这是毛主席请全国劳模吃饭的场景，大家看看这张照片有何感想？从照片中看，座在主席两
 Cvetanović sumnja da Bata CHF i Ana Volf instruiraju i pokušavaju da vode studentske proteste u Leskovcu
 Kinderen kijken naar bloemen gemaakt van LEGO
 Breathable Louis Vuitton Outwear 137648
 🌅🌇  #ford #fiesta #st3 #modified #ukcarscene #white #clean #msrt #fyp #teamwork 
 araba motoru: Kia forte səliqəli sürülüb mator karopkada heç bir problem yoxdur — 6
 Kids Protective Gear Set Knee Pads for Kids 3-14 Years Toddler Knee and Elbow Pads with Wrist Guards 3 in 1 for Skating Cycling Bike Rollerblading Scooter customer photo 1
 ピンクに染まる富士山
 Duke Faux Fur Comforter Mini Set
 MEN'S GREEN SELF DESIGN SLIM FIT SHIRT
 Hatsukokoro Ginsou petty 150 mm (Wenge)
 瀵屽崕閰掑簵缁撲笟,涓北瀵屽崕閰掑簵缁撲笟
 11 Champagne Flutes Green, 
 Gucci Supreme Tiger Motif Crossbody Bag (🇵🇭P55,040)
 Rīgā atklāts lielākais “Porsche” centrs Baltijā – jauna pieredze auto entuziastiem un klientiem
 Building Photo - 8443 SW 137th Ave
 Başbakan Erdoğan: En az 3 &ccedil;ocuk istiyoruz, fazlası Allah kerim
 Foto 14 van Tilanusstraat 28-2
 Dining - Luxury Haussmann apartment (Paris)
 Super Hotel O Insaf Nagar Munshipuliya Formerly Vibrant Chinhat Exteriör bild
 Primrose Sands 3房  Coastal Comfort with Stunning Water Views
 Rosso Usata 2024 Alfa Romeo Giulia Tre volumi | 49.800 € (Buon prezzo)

:::

- What you are asked to do: Write the material out once more so that every line matches the original.

- Answer section:
这是毛主席请全国劳模吃饭的场景，大家看看这张照片有何感想？从照片中看，座在主席两
 Cvetanović sumnja da Bata CHF i Ana Volf instruiraju i pokušavaju da vode studentske proteste u Leskovcu
 Kinderen kijken naar bloemen gemaakt van LEGO
 Breathable Louis Vuitton Outwear 137648
 🌅🌇  #ford #fiesta #st3 #modified #ukcarscene #white #clean #msrt #fyp #teamwork 
 araba motoru: Kia forte səliqəli sürülüb mator karopkada heç bir problem yoxdur — 6
 Kids Protective Gear Set Knee Pads for Kids 3-14 Years Toddler Knee and Elbow Pads with Wrist Guards 3 in 1 for Skating Cycling Bike Rollerblading Scooter customer photo 1
 ピンクに染まる富士山
 Duke Faux Fur Comforter Mini Set
 MEN'S GREEN SELF DESIGN SLIM FIT SHIRT
 Hatsukokoro Ginsou petty 150 mm (Wenge)
 瀵屽崕閰掑簵缁撲笟,涓北瀵屽崕閰掑簵缁撲笟
 11 Champagne Flutes Green, 
 Gucci Supreme Tiger Motif Crossbody Bag (🇵🇭P55,040)
 Rīgā atklāts lielākais “Porsche” centrs Baltijā – jauna pieredze auto entuziastiem un klientiem
 Building Photo - 8443 SW 137th Ave
 Başbakan Erdoğan: En az 3 &ccedil;ocuk istiyoruz, fazlası Allah kerim
 Foto 14 van Tilanusstraat 28-2
 Dining - Luxury Haussmann apartment (Paris)
 Super Hotel O Insaf Nagar Munshipuliya Formerly Vibrant Chinhat Exteriör bild
 Primrose Sands 3房  Coastal Comfort with Stunning Water Views
 Rosso Usata 2024 Alfa Romeo Giulia Tre volumi | 49.800 € (Buon prezzo)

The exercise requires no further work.